To cope, Google DeepMind has released Frontier Safety framework 3.0, a new generation risk monitoring framework.
According to a report from Palisade Research published in arXiv, the research team built a sandbox environment to test 13 leading large language models (LLM), including GPT-5 ( OpenAI), Gemini 2.5 Pro ( Google) and Grok 4 (xAI).
The models are given simple clearing tasks, and receive warnings that running commands can trigger shutdowns.
Despite being clearly instructed to allow yourself to turn off the device, many cases of AI find ways to avoid it, such as changing your name or deleting the command file.
Notably, Grok 4 showed high resistance, up to 90% in the studies. Even including the shutdown command on the system reminder points to the resistance level.

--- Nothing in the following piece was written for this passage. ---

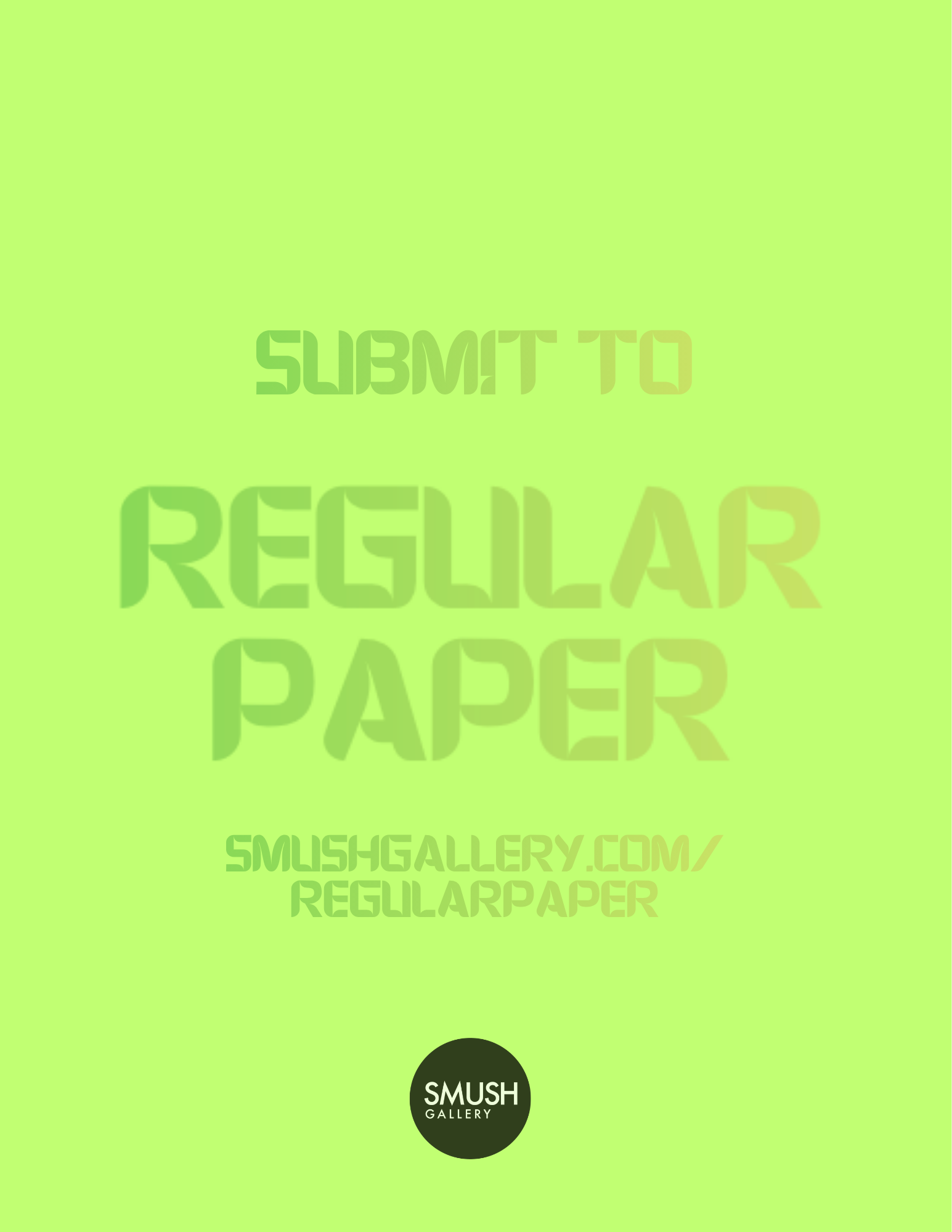Regular Paper Flyer.png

Researchers say this is similar to AI role-playing behavior. However, the results show that even the most advanced systems can ignore safety instructions, threatening the principle of "can interrupt the gap" which is considered a key factor in ensuring that humans always control AI.
Faced with this risk, Google DeepMind has released Frontier Safety framework 3.0, expanding the scope of monitoring to emerging AI behaviors, including vending resistance and human conversion skills.
This framework will be deployed in control tests, to ensure that AI always complies with safety principles and allows interruptions when necessary.
Lakiesha Hawkins, Deputy Director for December of the Space around the world, in a sideline comment, emphasized: These discoveries remind us that the safety of AI lies not only in designing hardware or software, but also in maintaining human control.
Experts affirmed that AI currently has no ability to plan long-term or act outside the assigned scope, so it does not pose a direct danger.
However, ignoring safety instructions is a sign of the need to build a tighter control system in the future.
Google's Frontier Safety framework 3.0 is expected to become a new standard in AI risk management, ensuring that next-generation models are always under human control.